NORFOLK, Va. (WAVY) — As engineers and consultants continue to work on long term plans for Norfolk International Airport, several suggestions are rising to the top.
In a public meeting Thursday night at the DoubleTree by Hilton Norfolk Airport, consultants with CHA presented their latest draft of the Airport Master Plan.
“The fact that the walk between the departure building and the arrivals building and the parking garage has become an issue. We recognize that,” said Paul Puckli with CHA. “Part of our charge is to figure out how to minimize walking distances.”
Looking at how the makeup of the terminal could be improved is just one subset in the much larger plan that is estimated to be completed early next year. The consultants have also looked at alternatives for a new runway, TSA checkpoint, curbside dropoff, and infrastructure improvements.
CSA forecasts the airport could see 2.8 million travelers annually in 2038. That’s up 1 million from 2018.
One thing airport officials say they definitely need is a new runway. There are currently two, one of was only used for 1.4 percent of the time.
“The smaller runway is too short for commercial jets and larger cargo planes,” said Steve Sterling, Deputy Executive Director of the Norfolk Airport Authority. “Airlines want reliability and dependability at the airport.”
Under current conditions, Sterling says if a plan has a flat in its landing gear and becomes disabled on the larger runway, it would prevent all aircraft from landing. A new runway could avoid this.
“If one runway has to be shut down for any reason, another runway would be open,” Sterling said.

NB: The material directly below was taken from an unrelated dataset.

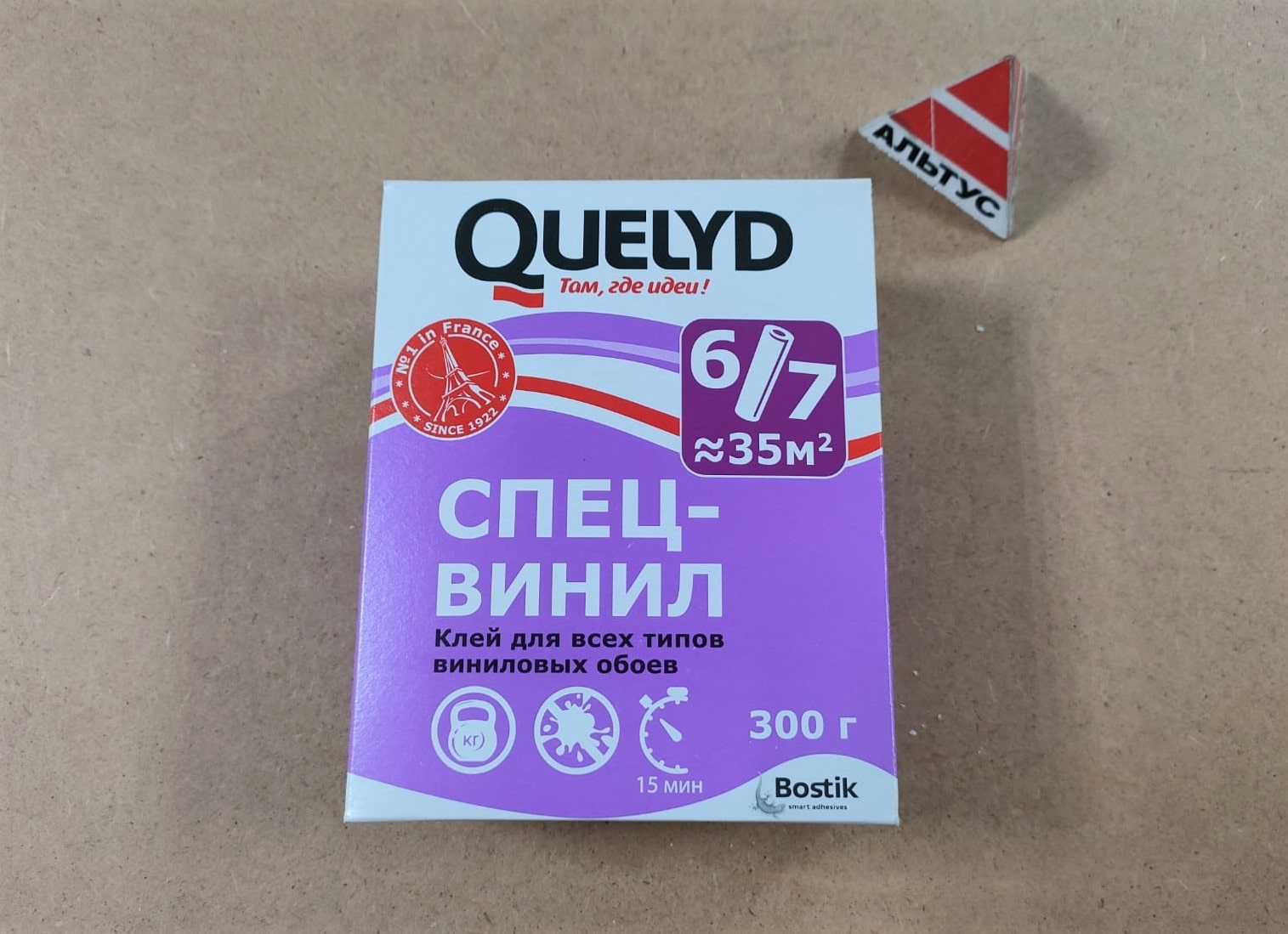 Клей обойный СПЕЦ-ВИНИЛ QUELYD 0,3кг (30)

One of three alternatives narrowed down by CHA for further study calls for the construction of a runway just east of the current large one.
Problem is that the U.S. Navy has objections.

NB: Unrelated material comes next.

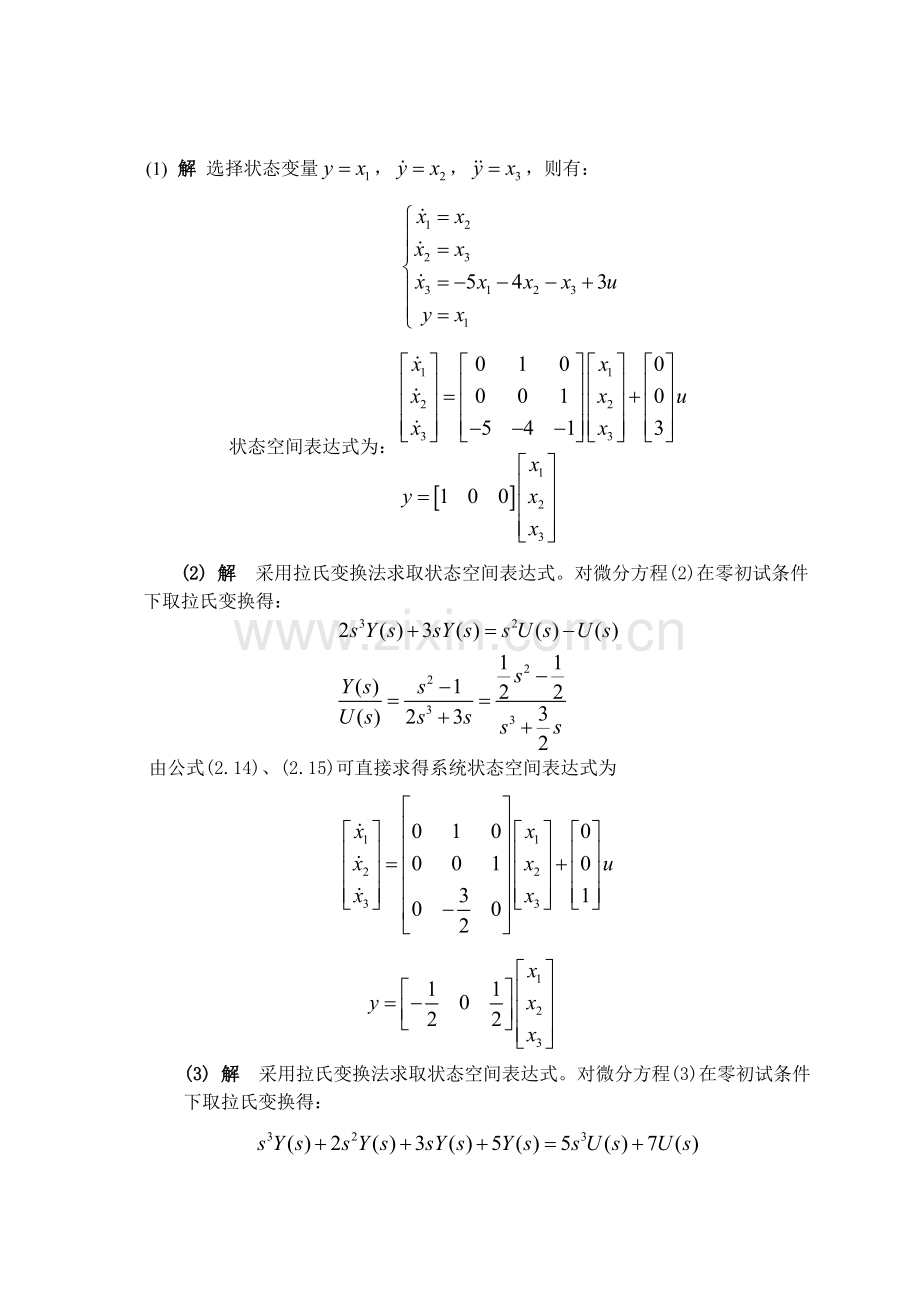 答案-控制系统的状态空间描述-习题解答.doc_第2页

Mark Schafer, commander of Naval Special Warfare Group Two, wrote in a letter to the authority that the Navy will be unable to complete required training if the airport builds the proposed parallel runway and that any shift away from Virginia Beach would jack up their costs by $4.5 million.
But airport leadership said they are confident they can continue to work with the Navy to work out issues.
“The ability to expand the airport is very limited, in fact nonexistent,” Sterling said. “We really have to operate within the existing perimeter of the airfield.”
Costs for any the additions have yet to be compiled.
It is why Sterling urges community members to look at the work that has been done thus far.
“We have done a lot of planning here and looking at the forecast of the airport, the needs of the airport, but it’s equally important for us to hear from the general public who uses the airport,” Sterling said.